A similar thing played out in India with the presentation of the Indian budget. As with most years in the recent past, the budget has ceased to be of as much importance as perhaps in the past. A lot of policy measures have and will continue to be presented outside of the budget. However , a week or two before the event, there is a disproportionate amount of mind space given to this singular event and the near term market reactions following this year’s presentation have been fascinating to us , to say the least. The stock market fall on the day of the budget and the equally steep rally to recover the losses has led to people really just “getting on with it”. While there are both near term and longer term ramifications , it is a little absurd that this one singular event gets such a disproportionate sense of importance.
There is a great tendency to focus on the near term and its possible implications on stock prices. The corollary to this is that high quality businesses continue to put in place value drivers, the benefits of which may not be very visible in near term earnings and in near term overt action. The embedded optionality that exists in well-run businesses is a characteristic often under-appreciated by investors. We refer to this as the “free lunch” wherein a long term potentially profitable segment or business unit gets overlooked by the larger market, more focussed on nearer term imperatives of quarterly earnings.
Microsoft’s business today is very different from what it was in 2014. The cloud computing business now accounts for a staggering $12 bn of revenues every quarter (annual revenue of $ 4 bn in 2014!). Apple’s services business has now become the new engine for growth. India’s largest conglomerate today is a different business to what it was in 2016 and its safe to say that 5 years out, it will shape up to be a dramatically different one. A lot of the consumer facing businesses in India also exhibit this property and this explains their longevity, their continuous success and their ability to continue to generate high returns on capital and eventually, their compounding returns to shareholders.

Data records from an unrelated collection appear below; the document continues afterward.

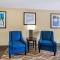 Comfort Inn & Suites St Pete - Clearwater International Airport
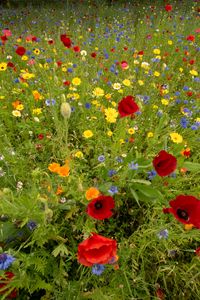 Preview wallpaper wild flowers, flowers, grass, summer, field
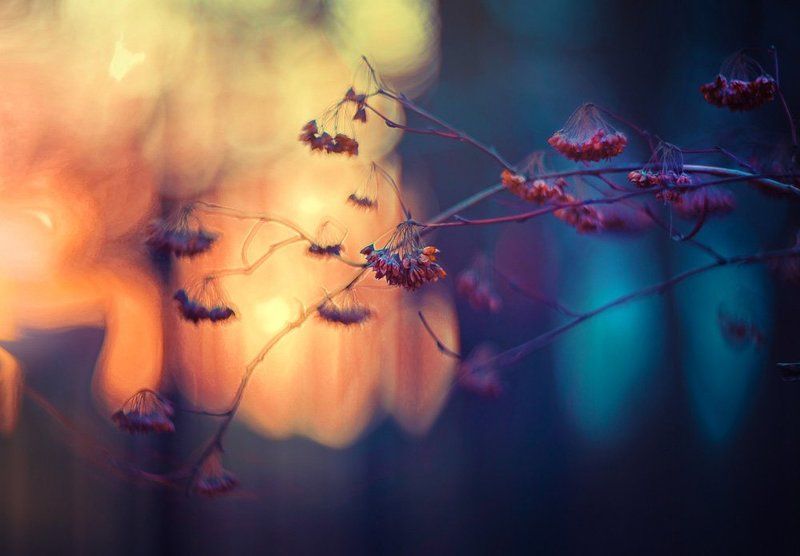 Уходящееphoto preview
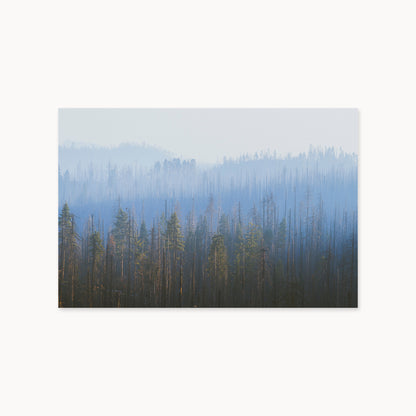 Sequoia Waves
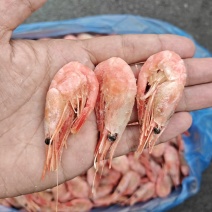 北极甜虾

That said, while over-diversification to incubate potentially newer businesses is certainly a risk that investors must think about and balance out, all in all businesses which tend to think in decades are those that are able to innovate, to adapt, to evolve and to re-invest themselves to become sharper and more agile and more responsive to the changing impulses from the environment.
Investors will do well to insulate themselves from the “noise” around specific events and continue to be focussed on an individual business’s ability to evolve and to continue to incubate future growth drivers. At the end of the day, embedded optionalities highlight that perhaps there is such a thing as a free lunch.